User:Clouserw/AMO/Perf
The current state of things
Originally the plan for this was someone uploads an add-on, AMO sends the add-on to Talos (build machines), the build machines install the add-on on Firefox with a clean profile on several OSs, runs it a few times recording interesting numbers and then sends those numbers back to AMO. AMO compares those numbers with an average (also reported from Talos) and if the numbers are too far apart it shows performance warnings on AMO.
The system was constructed and launched briefly but there was backlash from add-on developers since we never really communicated with them and were suddenly flagging their add-ons as slowing down Firefox. Many bugs were filed asking for clarification of process and pointing out holes in the system (like add-ons that only slow Firefox down after the browser is used or settings are set).
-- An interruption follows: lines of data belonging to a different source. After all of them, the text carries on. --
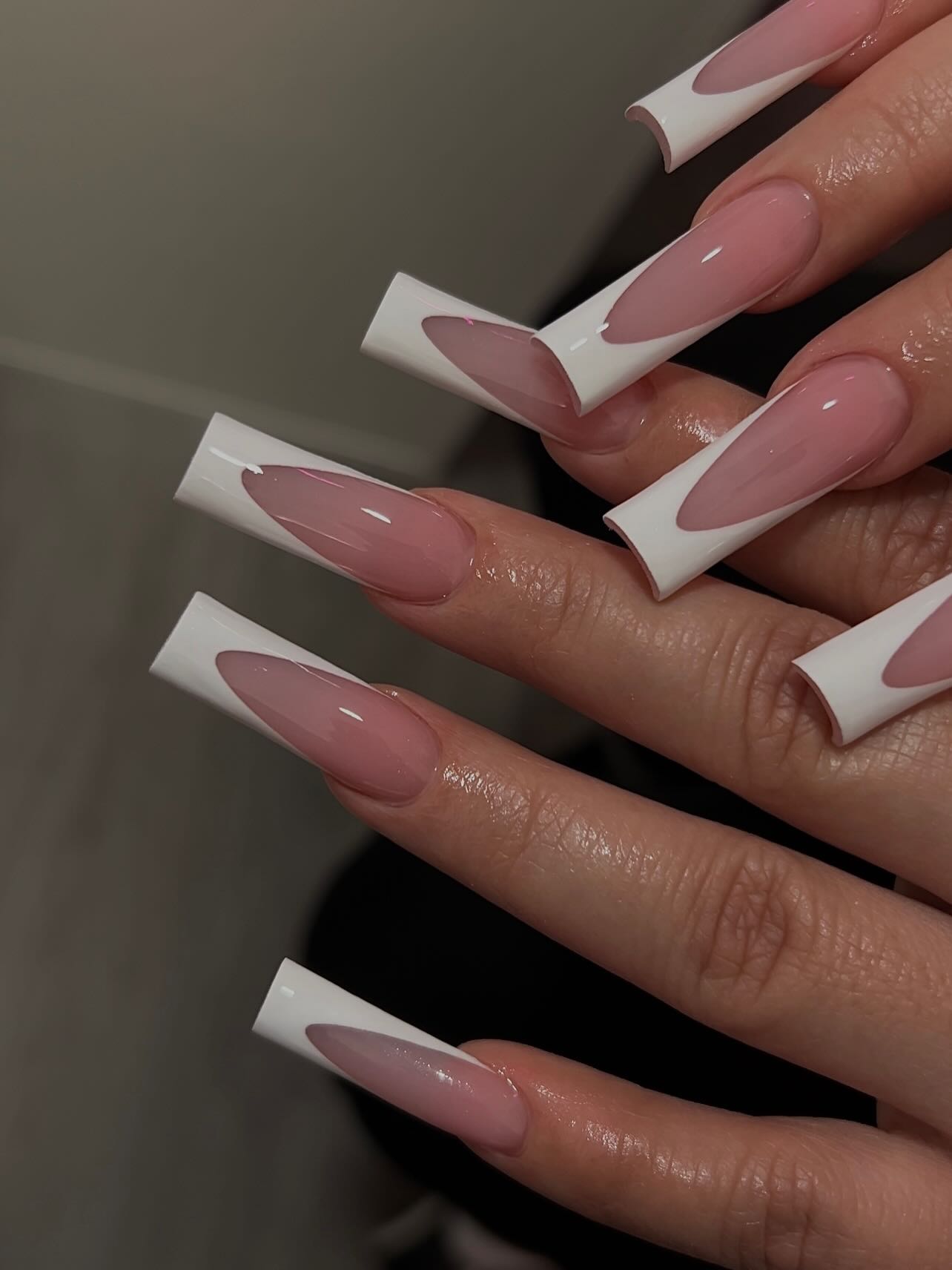 Minimalist Deep V-Cut White French Press On Nails - XL Square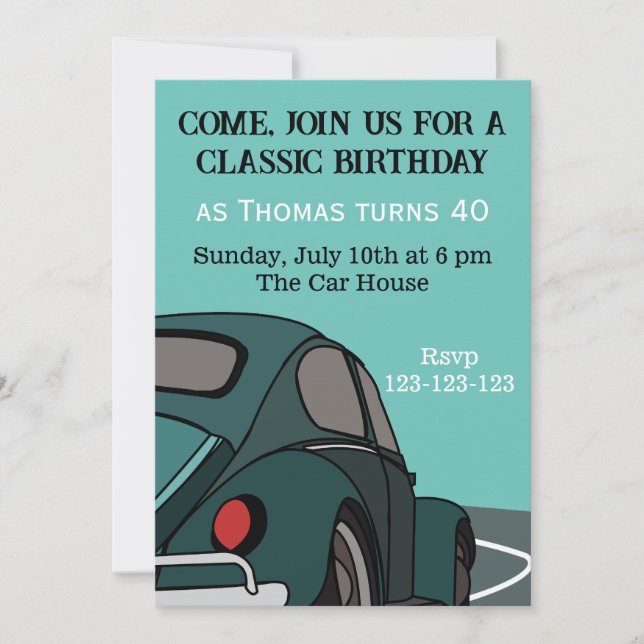 Blue Classic Car Birthday Invitation (Front)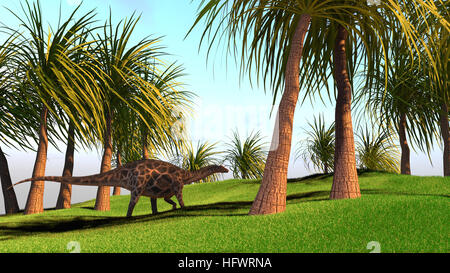 Representación 3D de las caminatas dicraeosaurus Foto de stock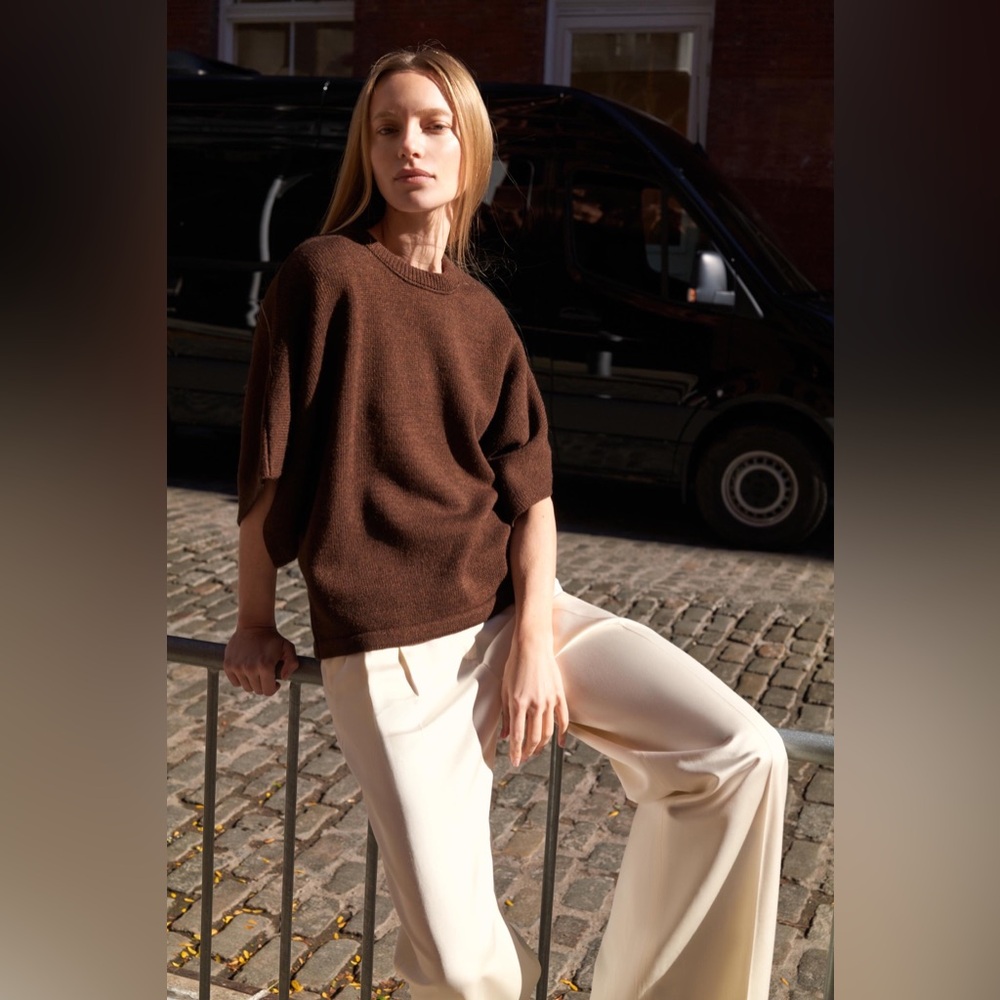 ZARA Loose Fit Crew Neck Knit Sweater Brown Sz L-XL NEW
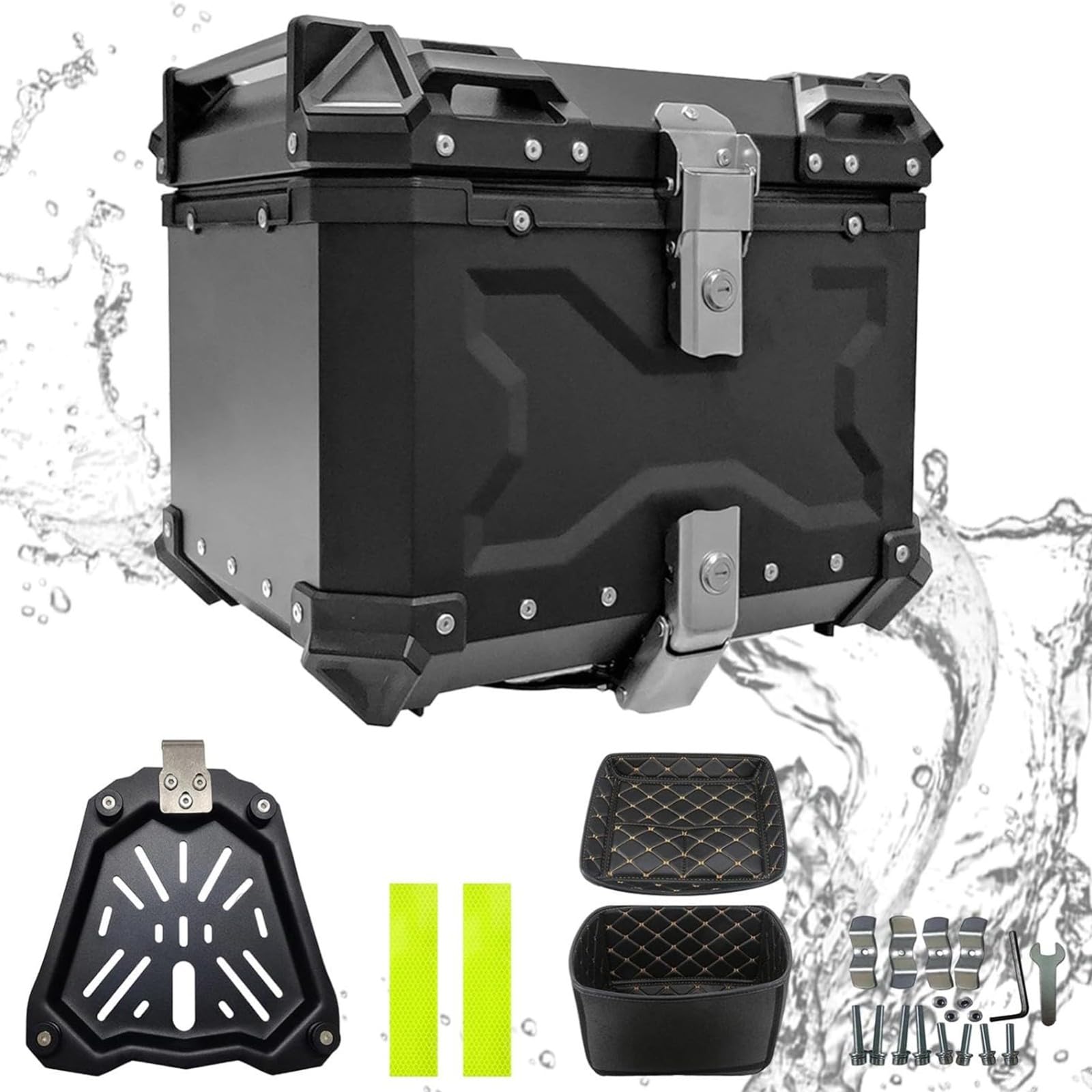 Coffre de moto en aluminium universel 100L noir pour voyage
The Talos processing proved to be unreliable and sometimes took 20 minutes for a single add-on. The code was turned off in production and has been ignored since.
Next steps for performance
Firefox sluggishness due to add-ons is still an important metric to track and report since it's one of the larger complaints of end users. However, automating the process is dangerous (as we've witnessed) so the new plan is to remove the previous code and implement a new system which has 100% manual reporting. Performance warnings will only be shown on add-ons where someone (at Mozilla) has run tests and confirmed the add-on is causing performance problems.
Technical Details and Steps
The basic steps to accomplish the next phase:
- Remove the current system from the code and database.
- Save the performance warning div's on the details pages. We can reuse them.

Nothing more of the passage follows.